**Provided data:**

#####

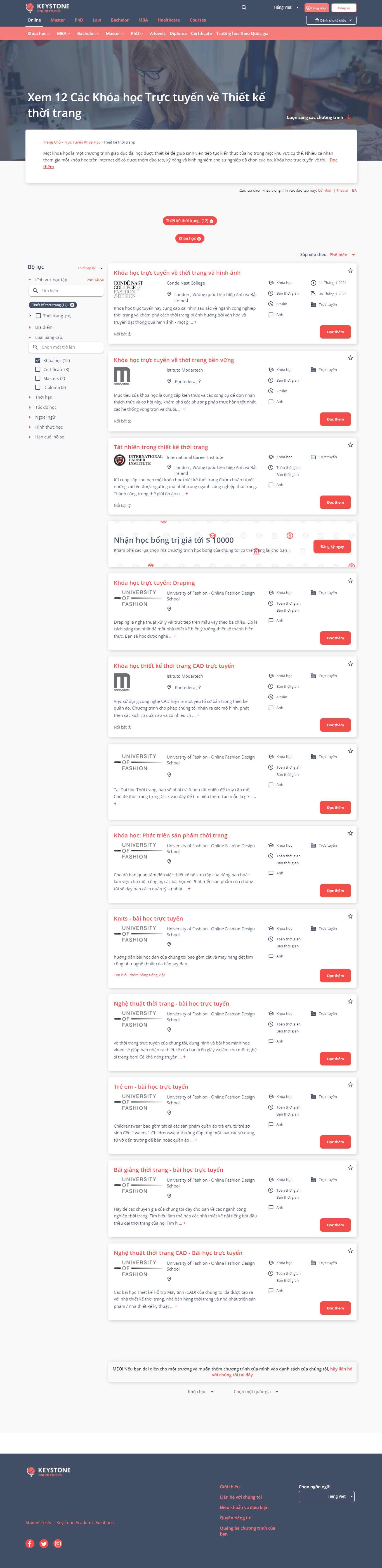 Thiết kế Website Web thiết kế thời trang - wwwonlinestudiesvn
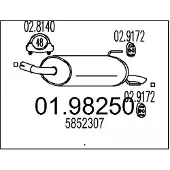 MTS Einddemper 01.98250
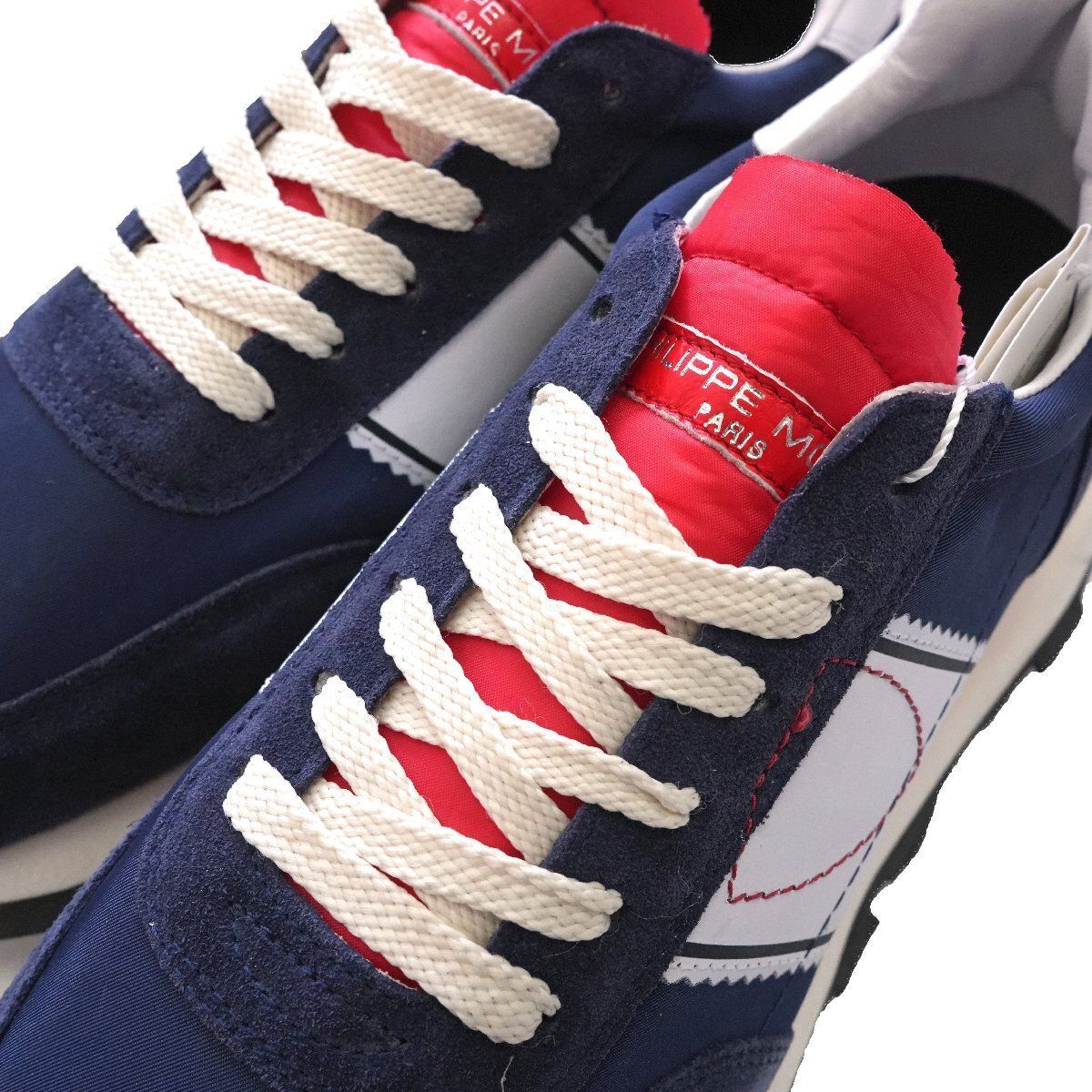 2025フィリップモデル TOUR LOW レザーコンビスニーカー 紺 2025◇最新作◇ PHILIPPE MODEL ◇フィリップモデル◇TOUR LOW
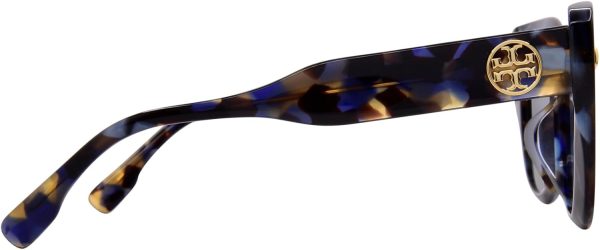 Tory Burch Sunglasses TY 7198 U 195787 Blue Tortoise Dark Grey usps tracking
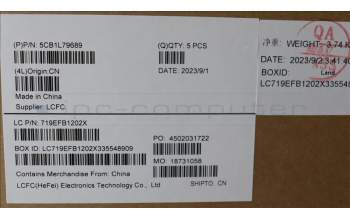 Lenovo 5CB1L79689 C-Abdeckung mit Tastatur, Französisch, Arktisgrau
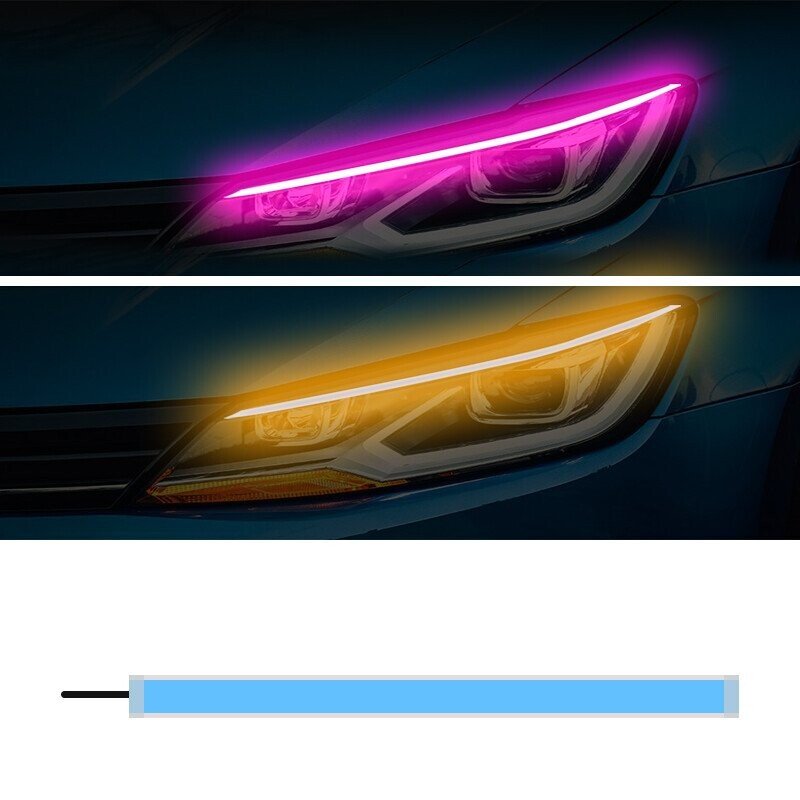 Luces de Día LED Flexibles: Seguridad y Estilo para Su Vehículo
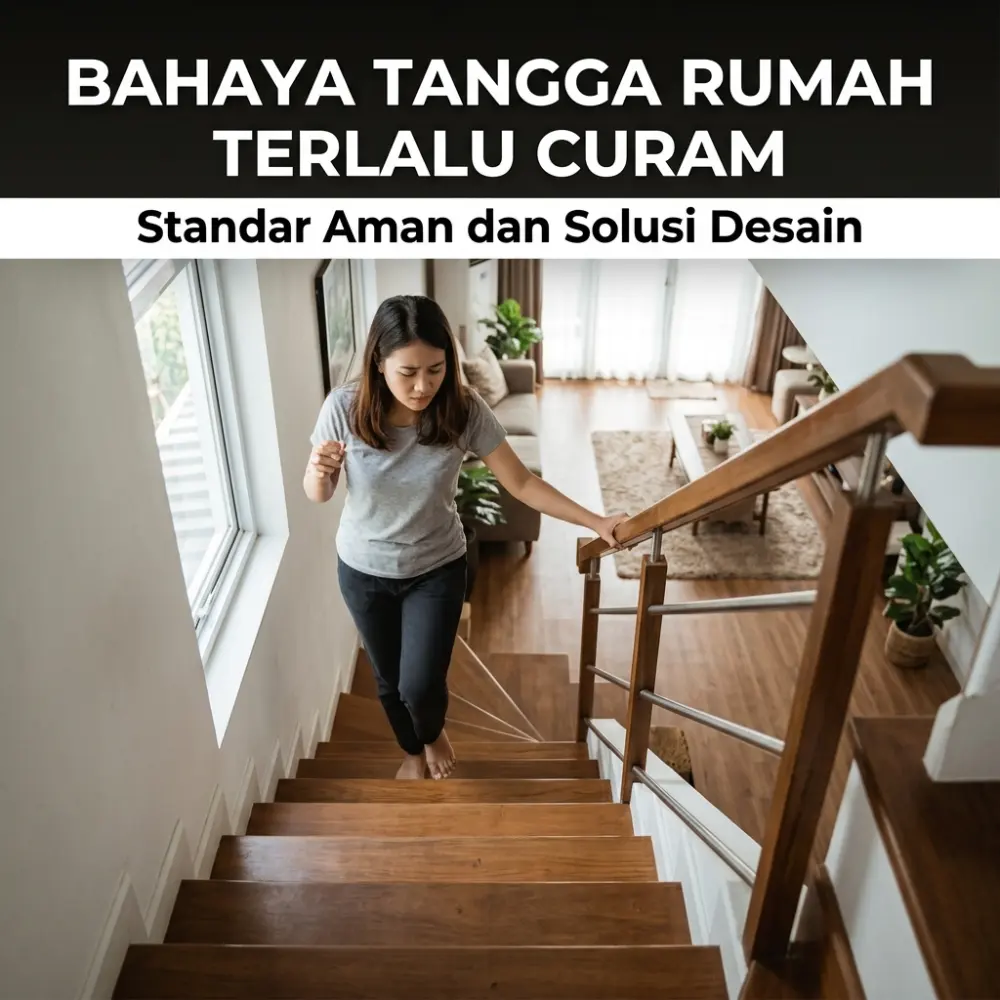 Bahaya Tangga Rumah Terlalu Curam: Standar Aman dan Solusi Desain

#####

From the line with "Tory Burch Sunglasses" through the final line of the records above, return each line exactly and nothing else. Pictures are to be skipped.

**Solution:**
 Tory Burch Sunglasses TY 7198 U 195787 Blue Tortoise Dark Grey usps tracking
 Lenovo 5CB1L79689 C-Abdeckung mit Tastatur, Französisch, Arktisgrau
 Luces de Día LED Flexibles: Seguridad y Estilo para Su Vehículo
 Bahaya Tangga Rumah Terlalu Curam: Standar Aman dan Solusi Desain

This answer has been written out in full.